Golden Women Book Scholarship Winner
Pursuing a five year dual degree program which offers two bachelors degrees, one in Civil Engineering and the other in Modern Languages with an emphasis in Global Science and Engineering
Northern Arizona University
Why continuing an education is so important to her:
“I will be a first generation college student as neither of my parents were able to attend college following high school and receive a degree. I want to be the educational role model for my younger brother, which my parents were unable to be for me. I need to be the beckon of light for him that he will be able to follow and know the importance of higher education. I love learning and I’ve found that learning and growing in knowledge is a passion of mine. I’ve learned that learning is power and without an education I will be an unfulfilled vessel.”
Hailley was a part of:
Hailley was very active in the Associate Student Body, and was President of her senior class, in high school. She was an active member of Junior Statesmen of America (JSA.Org) jsa.org attending seminars and meetings and taking part in panel discussions about our current government and social issues. She played on her high school soccer team and humbly served as team co-captain.
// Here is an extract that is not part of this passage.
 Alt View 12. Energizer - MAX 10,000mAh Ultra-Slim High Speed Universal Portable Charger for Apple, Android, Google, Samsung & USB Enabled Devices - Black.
Hailley’s community work includes:
AARP: Hailley volunteered as a Tax Aid Greeter for the past 3 years. AARP provides a free tax service for seniors and her duties as greeter were to check in appointments and assist clients in filling in the initial intake forms necessary to complete their tax return and assign them to the most qualified certified tax preparer.
Kirkland Academy of Excellence in Watts, CA: Hailley volunteered as a mentor and understudy after school and summer mornings for the past two years. There she discovered a strong interest in becoming a teacher and that she has a natural ability to guide, connect and educate young children.
She is actively involved in a Christian group of young women “Faithful after Phoebe” who fashioned themselves after Phoebe in the Bible that assisted the missionary society by visiting nursing homes and senior centers throughout the Inglewood CA area.
Hailley, what does the term “Golden Women” mean to you?
“The term “Golden Women” seems to connect me to my high school alma matter “Women of Distinction.” In a sense they are very much alike, women who exemplify love, passion, empathy and class. A woman of distinction much like a “Golden Woman” is an amazing woman, she is every woman and she is a monument of success and strength. She does not fall short of her responsibilities and she carries herself well. “Golden Women” to me means women who enlighten, encourage, empower and strengthen one another. I am a “Women of Distinction” from my four years at St. Mary’s Academy and from my time there I have grown into a responsible, self assured and tenacious women, which I would consider attributes of “Golden Women.”
Hailley, describe something that is plaguing young women today and explain what can be done to turn it around? What can you do to help?
“The pregnancy of young girls/women with absent or young fathers that have little to no education is one of the most prominent problems I see today. It appears to be acceptable to the young women to go through pregnancy alone or even get pregnant at young age. I come from a family where my great grandmother started having children in her preteens, my grandmother had my mother at a young age and many of my aunts and cousins followed in the same footsteps. I have noticed because my mother waited to have her family my older sister and I have no desire to have children at our current age. It is an ongoing trend that I see within my community that teen pregnancy breeds teen pregnancy and unfortunately most teen parents can’t further their education and they become stuck. Television shows such as “Teen Mom” promotes teen pregnancy and almost glorifies it for younger girls.
We need more positive women willing to give their time to bring groups together in our communities focusing on self esteem, education and being all that we can be. Young women need to be made aware that the media portrayal of women is not real but more fantasy than reality. Education needs to be made more available and affordable for those that have made a mistake and need to take their lives back. We really need more means to support education and vocational training so that young women can feel empowered not hopeless and helpless. We need to see more educators on TV with positive messages and the means to back up that positive message. We just can’t continue to say education is the key without the means to get that education. Proper funding needs to available to make this happen.”